Washington arrived in July 1775 to take command of what was then a loose collection of provincial militias. The army he inherited was brave but undisciplined, poorly supplied, and chronically short of gunpowder. Washington immediately recognized that forcing the British out of Boston would require more than enthusiasm and numbers. It would require artillery.

The guns, however, were hundreds of miles away.

In the autumn of 1775, Washington turned to a young and ambitious officer named Henry Knox, a former Boston bookseller with a passion for artillery. Knox proposed an audacious solution: haul the heavy cannon captured from the British at Fort Ticonderoga all the way to Boston.

The task bordered on the impossible.

Beginning in December, Knox and a small team dragged more than fifty cannon, mortars, and howitzers across nearly 300 miles of frozen wilderness. The expedition crossed the Hudson River, climbed the Berkshire Mountains, and moved slowly through snow and ice with the help of oxen and sledges. At times the artillery nearly slipped through the ice of frozen rivers. At other moments the mountain roads threatened to halt the entire operation. Yet Knox persisted. By January 1776, the cannon began arriving outside Boston.

The opportunity Washington had been waiting for had finally arrived.

During the night of March 4, 1776, American troops quietly moved the artillery onto Dorchester Heights, the high ground south of the city that overlooked both Boston and the harbor. In a remarkable feat of military engineering, soldiers worked through the darkness hauling cannon into place while constructing fortifications from timber, barrels, and packed earth.

When the sun rose the next morning, British commanders could scarcely believe what they saw.

The heights above the city bristled with American artillery.

From that vantage point Washington’s guns could rain destruction upon Boston and threaten the British fleet anchored in the harbor. General William Howe, commanding the British forces, initially planned a desperate assault to retake the heights. Yet a violent storm intervened, delaying the attack. By the time the weather cleared, Howe concluded that the position was simply too strong.
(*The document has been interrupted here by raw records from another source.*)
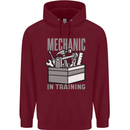 Funny Mechanic in Training Childrens Kids Hoodie Maroon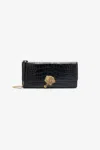 Roberto Cavalli Long Crocodile-print Roar Clutch In Black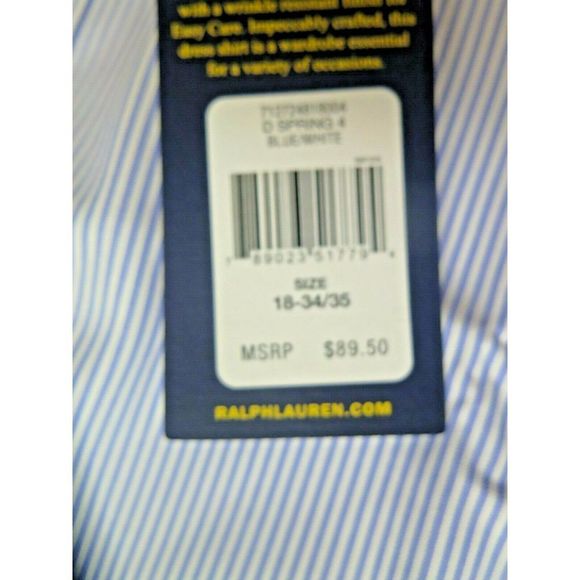 Ralph Lauren Men 18 34/35 Buttondown Shirt L/S Classic Fit Striped Blue White$90 - Picture 6 of 7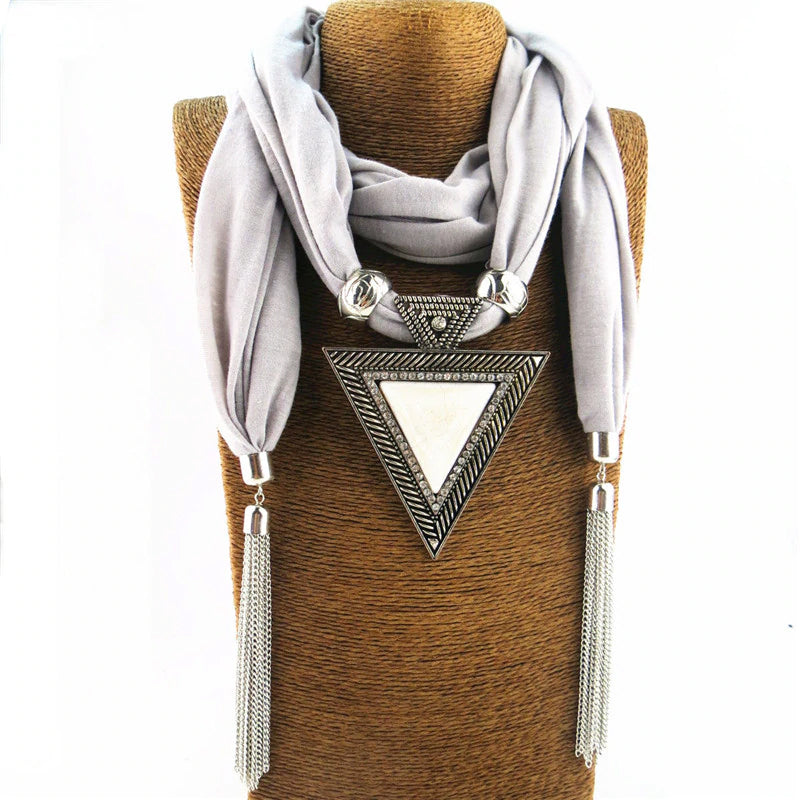 Style 120 Triangle Reflections Silver Tassel Pendant Scarf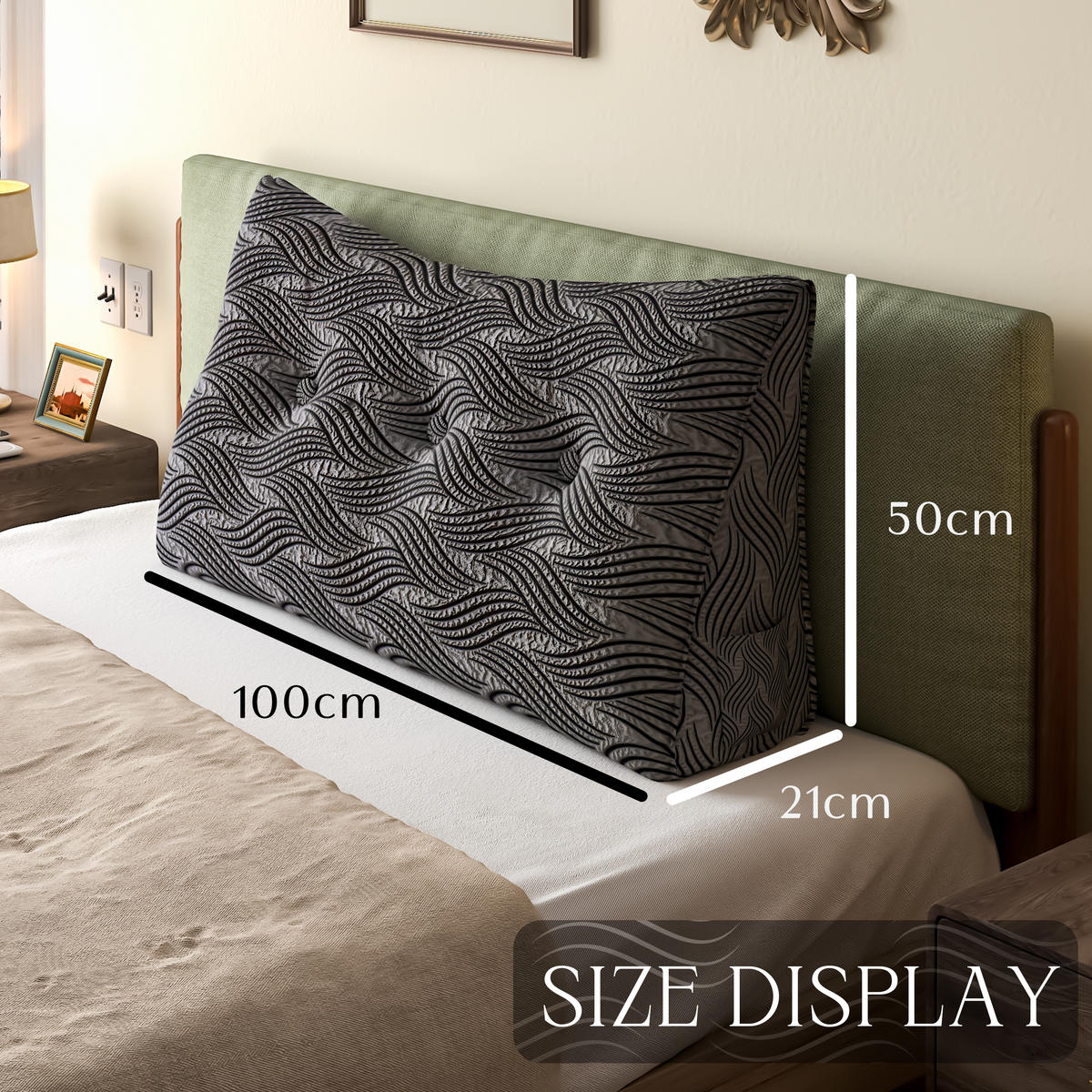 KEILKISSEN für Bett beflockter Crinkle-Stoff 100cm - Schwarz, Textil (21/100cm) - Vercart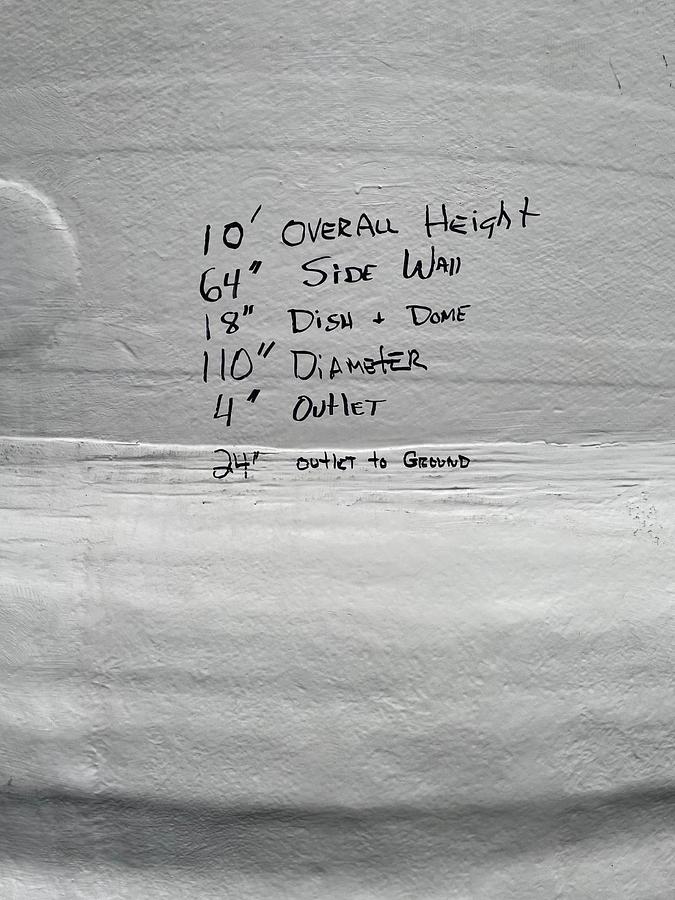 Used 500 Gallon 304 Stainless Steel Food Grade Tank with Dome Top and Cone Bottom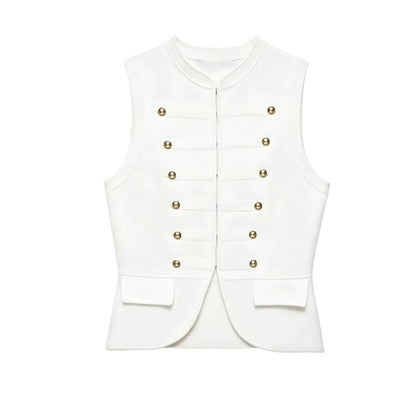 Women Elegant Solid Sleeveless Vest Double Breasted Decorative Slim Fit Short Chic Top 2026 Summer Casual Beach Vacation Top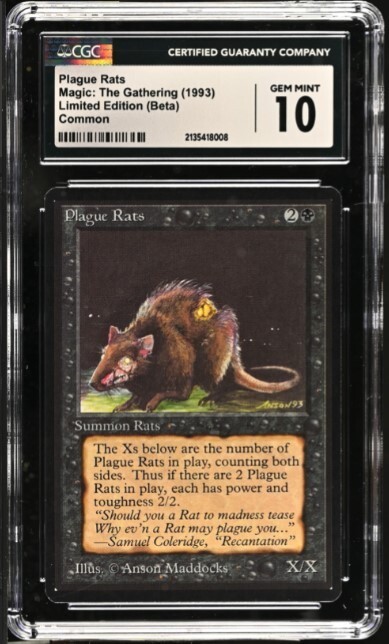 1993 Magic The Gathering PLAGUE RATS CGC 10 Limited Edition Beta T136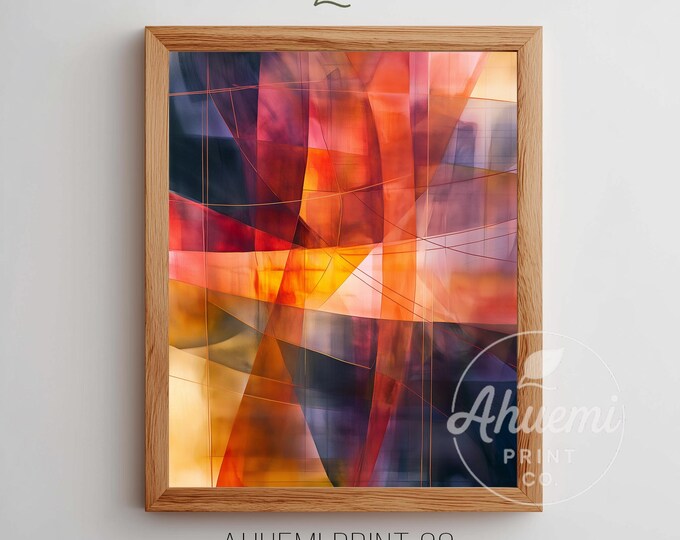 Moody Abstract Wall Art - Festive Geometric Composition, Energetic Printable with Warm Colors, Luminous Digital Painting Download 237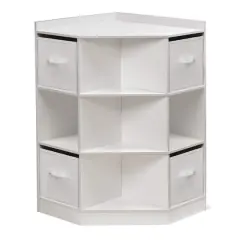 Badger Basket White Corner Cubby Storage Unit With Reversible Baskets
Boston was no longer defensible.

Rather than risk catastrophic losses, Howe chose evacuation. Over the next two weeks British troops prepared to leave the city they had held since the spring of 1775. On March 17, more than 9,000 soldiers—along with loyalists who feared retaliation—sailed out of Boston Harbor under the protection of the Royal Navy.

Washington’s army marched into the city the same day.

The victory was more than symbolic. For the first time since the war began, the Continental Army had forced the British to abandon a major position. The triumph boosted morale across the colonies and demonstrated that the rebels, properly organized and led, could challenge Britain’s professional army.

Equally important, the episode revealed Washington’s emerging strengths as a commander. He showed patience when a reckless assault might have led to disaster, imagination in recognizing the strategic value of Dorchester Heights, and trust in subordinates like Knox who were willing to attempt the extraordinary.

The evacuation of Boston did not end the war. In fact, far greater struggles lay ahead—in New York, New Jersey, and eventually at Yorktown. But the events of March 1776 offered a powerful glimpse of what the revolutionaries might achieve.